» **WORK ITEM**
Write out every entry word for word.

» **DATA**
-- Opening Marker --

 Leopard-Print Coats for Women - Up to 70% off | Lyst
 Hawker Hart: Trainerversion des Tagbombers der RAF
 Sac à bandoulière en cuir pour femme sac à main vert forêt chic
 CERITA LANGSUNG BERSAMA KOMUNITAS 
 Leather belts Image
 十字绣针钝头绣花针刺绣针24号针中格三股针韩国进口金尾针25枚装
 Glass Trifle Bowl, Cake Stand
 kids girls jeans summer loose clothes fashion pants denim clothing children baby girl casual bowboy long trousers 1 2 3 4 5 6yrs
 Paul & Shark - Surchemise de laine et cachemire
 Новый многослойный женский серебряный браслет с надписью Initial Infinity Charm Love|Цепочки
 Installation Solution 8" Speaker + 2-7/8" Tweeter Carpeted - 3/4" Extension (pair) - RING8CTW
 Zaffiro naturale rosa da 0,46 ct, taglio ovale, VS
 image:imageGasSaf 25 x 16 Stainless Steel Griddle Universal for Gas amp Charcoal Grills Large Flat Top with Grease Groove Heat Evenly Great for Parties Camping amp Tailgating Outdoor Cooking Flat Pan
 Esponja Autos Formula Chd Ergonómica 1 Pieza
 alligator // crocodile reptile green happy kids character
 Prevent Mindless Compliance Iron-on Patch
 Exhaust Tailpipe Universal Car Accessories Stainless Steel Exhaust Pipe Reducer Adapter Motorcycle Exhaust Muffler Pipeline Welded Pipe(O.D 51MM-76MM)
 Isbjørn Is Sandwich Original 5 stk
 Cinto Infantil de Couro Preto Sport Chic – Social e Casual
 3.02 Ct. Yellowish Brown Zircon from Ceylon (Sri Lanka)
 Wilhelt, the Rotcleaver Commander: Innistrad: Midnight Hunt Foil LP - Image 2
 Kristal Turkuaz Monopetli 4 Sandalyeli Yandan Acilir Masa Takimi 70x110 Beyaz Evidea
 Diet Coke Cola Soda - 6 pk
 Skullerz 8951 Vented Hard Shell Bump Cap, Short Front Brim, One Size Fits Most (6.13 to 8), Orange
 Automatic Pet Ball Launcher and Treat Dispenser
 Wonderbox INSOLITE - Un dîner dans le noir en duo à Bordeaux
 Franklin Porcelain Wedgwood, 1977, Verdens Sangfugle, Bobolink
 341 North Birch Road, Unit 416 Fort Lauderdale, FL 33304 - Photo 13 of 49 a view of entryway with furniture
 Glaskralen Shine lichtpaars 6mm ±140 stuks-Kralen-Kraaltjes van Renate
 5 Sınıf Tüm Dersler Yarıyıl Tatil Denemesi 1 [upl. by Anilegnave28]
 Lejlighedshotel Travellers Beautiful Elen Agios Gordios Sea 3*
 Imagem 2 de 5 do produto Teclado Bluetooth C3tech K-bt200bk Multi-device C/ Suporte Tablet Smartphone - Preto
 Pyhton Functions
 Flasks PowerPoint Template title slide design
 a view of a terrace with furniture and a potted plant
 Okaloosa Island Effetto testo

-- Closing Marker --

» **FINAL ANSWER**
 Leopard-Print Coats for Women - Up to 70% off | Lyst
 Hawker Hart: Trainerversion des Tagbombers der RAF
 Sac à bandoulière en cuir pour femme sac à main vert forêt chic
 CERITA LANGSUNG BERSAMA KOMUNITAS 
 Leather belts Image
 十字绣针钝头绣花针刺绣针24号针中格三股针韩国进口金尾针25枚装
 Glass Trifle Bowl, Cake Stand
 kids girls jeans summer loose clothes fashion pants denim clothing children baby girl casual bowboy long trousers 1 2 3 4 5 6yrs
 Paul & Shark - Surchemise de laine et cachemire
 Новый многослойный женский серебряный браслет с надписью Initial Infinity Charm Love|Цепочки
 Installation Solution 8" Speaker + 2-7/8" Tweeter Carpeted - 3/4" Extension (pair) - RING8CTW
 Zaffiro naturale rosa da 0,46 ct, taglio ovale, VS
 image:imageGasSaf 25 x 16 Stainless Steel Griddle Universal for Gas amp Charcoal Grills Large Flat Top with Grease Groove Heat Evenly Great for Parties Camping amp Tailgating Outdoor Cooking Flat Pan
 Esponja Autos Formula Chd Ergonómica 1 Pieza
 alligator // crocodile reptile green happy kids character
 Prevent Mindless Compliance Iron-on Patch
 Exhaust Tailpipe Universal Car Accessories Stainless Steel Exhaust Pipe Reducer Adapter Motorcycle Exhaust Muffler Pipeline Welded Pipe(O.D 51MM-76MM)
 Isbjørn Is Sandwich Original 5 stk
 Cinto Infantil de Couro Preto Sport Chic – Social e Casual
 3.02 Ct. Yellowish Brown Zircon from Ceylon (Sri Lanka)
 Wilhelt, the Rotcleaver Commander: Innistrad: Midnight Hunt Foil LP - Image 2
 Kristal Turkuaz Monopetli 4 Sandalyeli Yandan Acilir Masa Takimi 70x110 Beyaz Evidea
 Diet Coke Cola Soda - 6 pk
 Skullerz 8951 Vented Hard Shell Bump Cap, Short Front Brim, One Size Fits Most (6.13 to 8), Orange
 Automatic Pet Ball Launcher and Treat Dispenser
 Wonderbox INSOLITE - Un dîner dans le noir en duo à Bordeaux
 Franklin Porcelain Wedgwood, 1977, Verdens Sangfugle, Bobolink
 341 North Birch Road, Unit 416 Fort Lauderdale, FL 33304 - Photo 13 of 49 a view of entryway with furniture
 Glaskralen Shine lichtpaars 6mm ±140 stuks-Kralen-Kraaltjes van Renate
 5 Sınıf Tüm Dersler Yarıyıl Tatil Denemesi 1 [upl. by Anilegnave28]
 Lejlighedshotel Travellers Beautiful Elen Agios Gordios Sea 3*
 Imagem 2 de 5 do produto Teclado Bluetooth C3tech K-bt200bk Multi-device C/ Suporte Tablet Smartphone - Preto
 Pyhton Functions
 Flasks PowerPoint Template title slide design
 a view of a terrace with furniture and a potted plant
 Okaloosa Island Effetto testo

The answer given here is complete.